Member States would be able to have additional resolution tools in their national law provided they did not clash with the minimum requirements above, EU treaties or the resolution of groups of banks.

The power to order a bail-in is probably the single most controversial proposal the Commission has put forward.  The EU is not alone in adopting this approach however; the US Dodd-Frank financial reform act of 2010 contains a bail-in type of resolution procedure.  What the power will do is to enable regulators to write down the claims of creditors and to convert debt claims to equity.  This would disadvantage bond holders in a bank or other financial institution but it would give them an incentive not to lend to banks with imprudent lending policies and it would reduce the call on the taxpayer in the event of a bank failing.

 

Other issues

Greater co-operation will be needed between national regulators to ensure recovery and resolution plans deal effectively with groups.  Existing regulations enable the European Banking Authority to make bilateral arrangements with third countries in order to deal with banks with businesses outside as well as inside the single market.  The new resolution procedure would be fully applicable to third country institutions operating in a Member State.

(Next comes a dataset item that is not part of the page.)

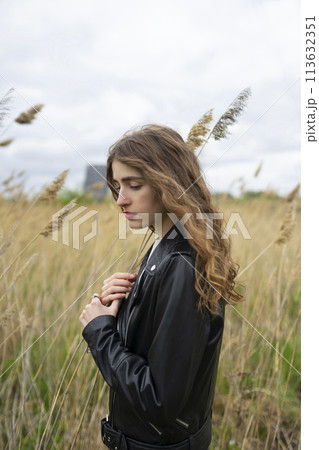 Portrait of woman standing in field on windy day Portrait of woman standing in field on windy day 113632351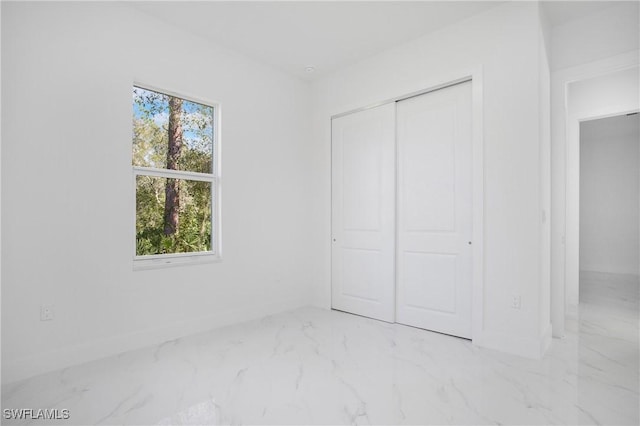 unfurnished bedroom with marble finish floor, a closet, and baseboards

In order to ensure the orderly winding up of failing banks, the Commission proposes the establishment of resolution funds, established in each Member State, resourced through contributions from financial institutions but supplemented with lending from the national central bank if absolutely necessary.  The Commission says that the ideal size of this fund would be one per cent of the guaranteed deposits held by financial institutions in a Member State but suggests that this would take 10 years to achieve.

 

Next Steps

The Commission would like these proposals to be law by the end of 2014.  As with all such single market legislation, agreement will be required from the Council and the Parliament.  Inquiries by the scrutiny committees of both Houses of Parliament can be expected.  The British Government has welcomed the Commission’s proposals – which mirror those in the UK’s 2009 Banking Act and which are compatible with the White Paper on banking also published in June.  The Financial Secretary to the Treasury said that “the Government expects the net benefits to the UK to be positive” of the Commission’s proposals.